Suddenly the rope glowed orange and went hot in her hand. She yelped and put her hand to her mouth. The pulley squealed as the rope rattled around it. Eli’s yell poured out of the shaft as he fell. With a crack, the pulley ripped out of woodwork somewhere inside, and Henrietta watched it fall past the opening. The crash at the bottom filled the whole hall.
When everything was quiet, Henrietta stuck her head back in. She could hear groaning. “Are you okay?” she asked. The groaning turned into cursing.
“You!” the little man finally yelled. “You are as bad as your grandfather!” He went back to muttering.
“It was nice meeting you,” Henrietta said.
Laughter echoed through the hall. “Surely you can’t mean it. Enjoy your evening in the Lesser Hall of FitzFaeren. Enjoy it, but do not eat anything, and more importantly, do not let anything eat you!”
Henrietta listened to him leave. When his footsteps and muttering had faded, she stood, chewing her lip, and turned to explore.
Richard and Blake sat on Henry’s bed and looked around the attic room.
“This is where you live?” Richard asked. “It’s filthy.”
“I didn’t like your room, either,” Henry muttered. He was scanning Grandfather’s journal and glancing up at the compass locks. “I don’t know. There aren’t really any more close combinations.” He picked one, set the knobs, and sat down beside Richard. “This is the last one. If she’s not here, then I’m waking up Uncle Frank.”
Richard shrugged. “Fine,” he said. “We can ask your uncle if I can stay.”
“C’mon,” Henry said, and the two of them snuck downstairs one last time.
Henry sat on the floor and stared at the cupboard. He was tired and he was nervous, and he was yawning again because he was both. He could die in one of these places. He shouldn’t be doing this. Henrietta could die in one of them, too. He should wake up Uncle Frank.
“I will,” he said out loud. “After this one. If I don’t die. If we don’t die.”
“What?” Richard asked.
Henry didn’t say anything. He was crawling through the cupboard. Richard watched.
Lying in bed, Frank told Dotty not to worry about the thumping or the trips on the stairs. Yes, he knew Henry was up, and probably the girls, too.
“The boy’s white grass,” he said. “Like when you leave a board in the yard. You pick it up after a coupla weeks or days even, and the grass underneath is all white and yellow. No sunshine. Only, Henry’s been under a board in the yard for longer than a coupla days.”
“The girls sound like they’re up, too,” Dotty said. “They’re not getting any sleep.”
“They’ll recover,” Frank said, and he slept.
When he woke, it wasn’t because of any noise. He just felt a little funny. The sun wasn’t up, but the sky was bright with the dawn. Dotty was asleep next to him.
Frank pulled himself out of bed and wandered, yawning, into the hall. He put his hand on the knob of the bathroom door and stopped. There was light coming into the hall from Grandfather’s room. The door was partially open. Frank stared. He couldn’t believe it. He stepped toward it, put out his hand, and pushed.

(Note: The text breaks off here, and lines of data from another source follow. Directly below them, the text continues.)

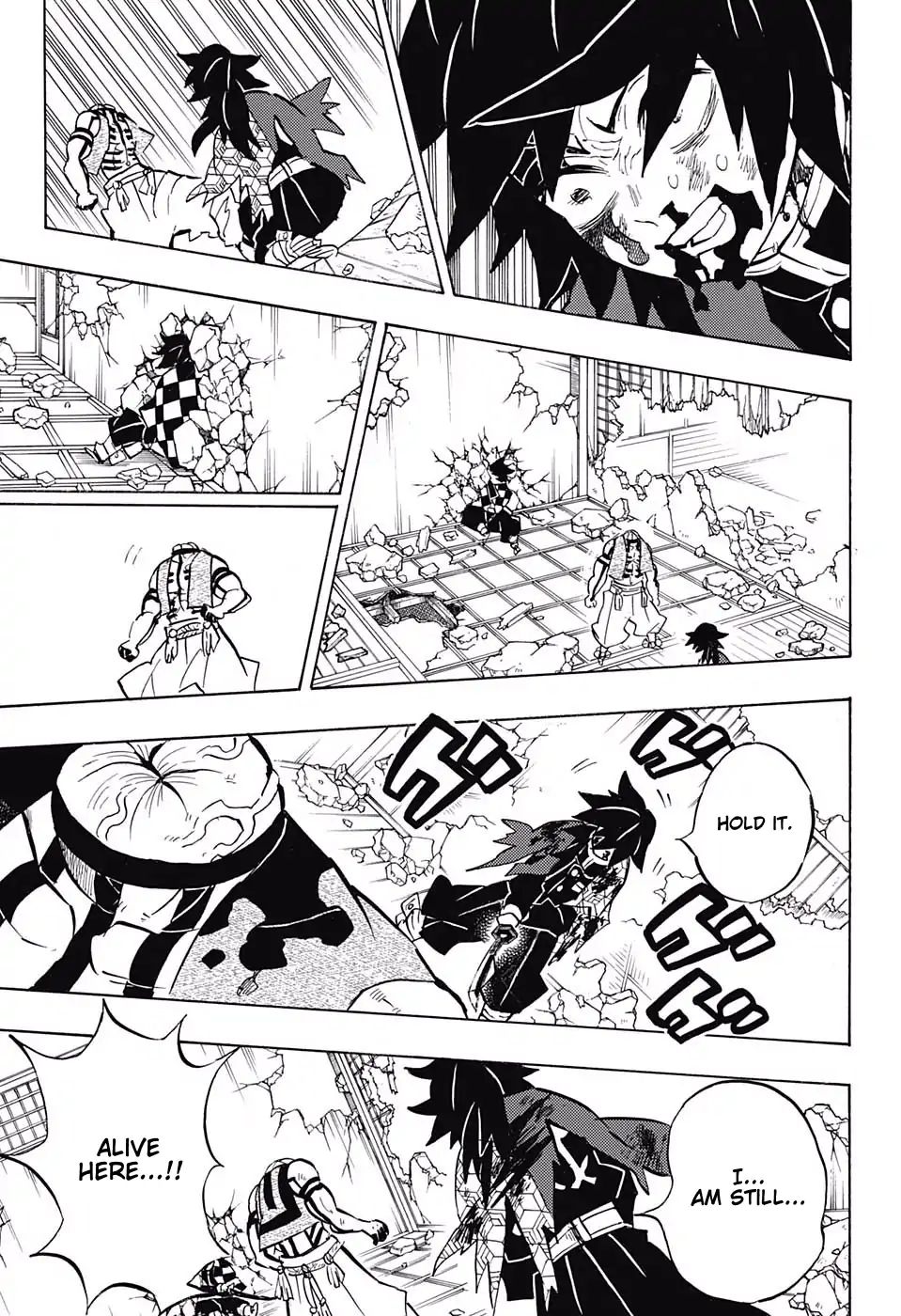Read Demon Slayer - Kimetsu no Yaiba Manga Online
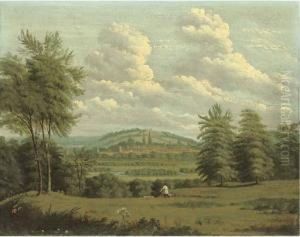 Oxford From The South-west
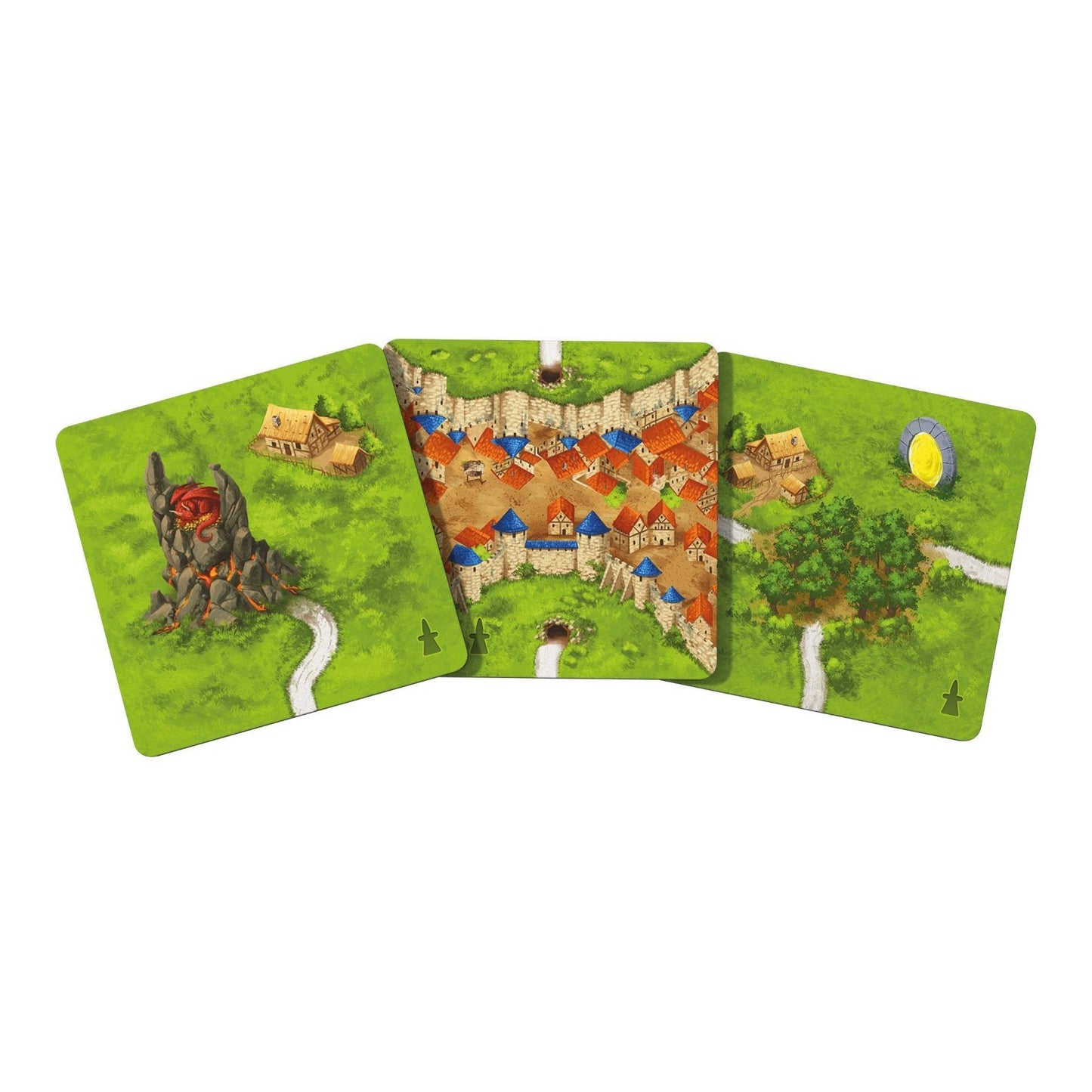 Drache & Fee (Erw. 3) - Carcassonne, deutsch (Erw.)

The door swung open easily. The curtains were open, and the room was light. There were flowers in a vase and some things on the floor, but Frank didn’t notice. He was looking at the bed. A skinny boy with pants up to his ribs was sprawled on his back, asleep. He’d taken off some strange little boots, and his feet were bare. He had enormous chapped lips.
Frank walked to the bed and stood over the scrawny sleeper, examining his face. He coughed, and the boy’s eyes popped wide open.
“Henry’s in the cupboard,” Richard said. “I opted to sit this one out. Would it be inconvenient for me to stay?”